While food, unlike tobacco, is essential for survival, the authors argue that the distinction makes action doubly necessary because it is difficult to opt out of the modern food environment.

Gearhardt said it should be possible to distinguish between harmful UPFs and other foodstuffs in the same way that alcoholic drinks are differentiated from other beverages.

UPFs meet “established benchmarks” as to whether a substance should be considered addictive, the paper argues, with design features that “can drive compulsive use” – although “the harms of UPFs are clear, irrespective of their addictive nature”.

The authors suggested that lessons from tobacco regulation, “including litigation, marketing restrictions and structural interventions”, could offer a guide to reducing harm related to UPFs, calling for public health efforts to “shift from individual responsibility to food industry accountability”.

Prof Martin Warren, chief scientific officer at the Quadram Institute, a specialist food research centre, said that while there were parallels between UPFs and tobacco, the authors risked “overreach” in their comparisons.

There were questions, he said, over whether UPFs were, like nicotine, “intrinsically addictive in a pharmacological sense, or whether they mainly exploit learned preferences, reward conditioning and convenience”.

He said it was also important to consider whether the adverse health effects attributed to UPFs came from their contents, or because they replaced “whole foods rich in fibre, micronutrients and protective phytochemicals”. He said: “This distinction matters, because it influences whether regulatory responses should mirror tobacco control or instead prioritise dietary quality, reformulation standards, and food system diversification.”

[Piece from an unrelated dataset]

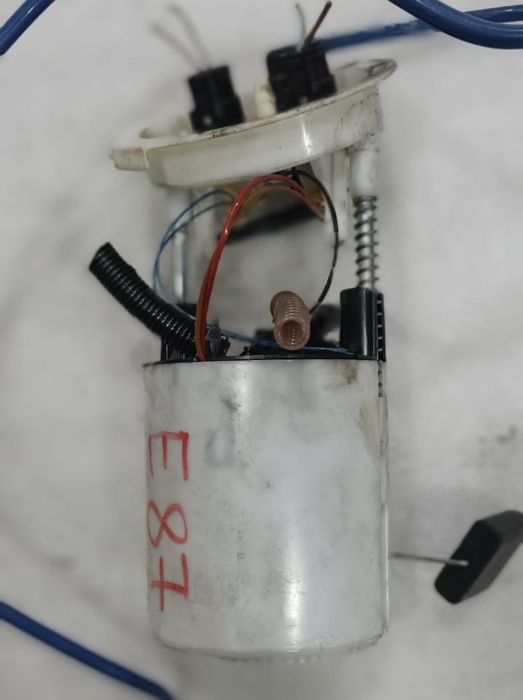 Топливный насос БМВ BMW E87.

Dr Githinji Gitahi, chief executive of Amref Health Africa, said: “This journal article reinforces a growing public health alarm sounding across Africa [where] corporates have found a comfortable, and profitable, nexus: weak government regulation on harmful products and a changing pattern of consumption.

“All this places new and preventable pressures on already stretched health systems,” he said. “Without publicly led interventions on the rising burden of non-communicable diseases, we risk health systems’ collapse.”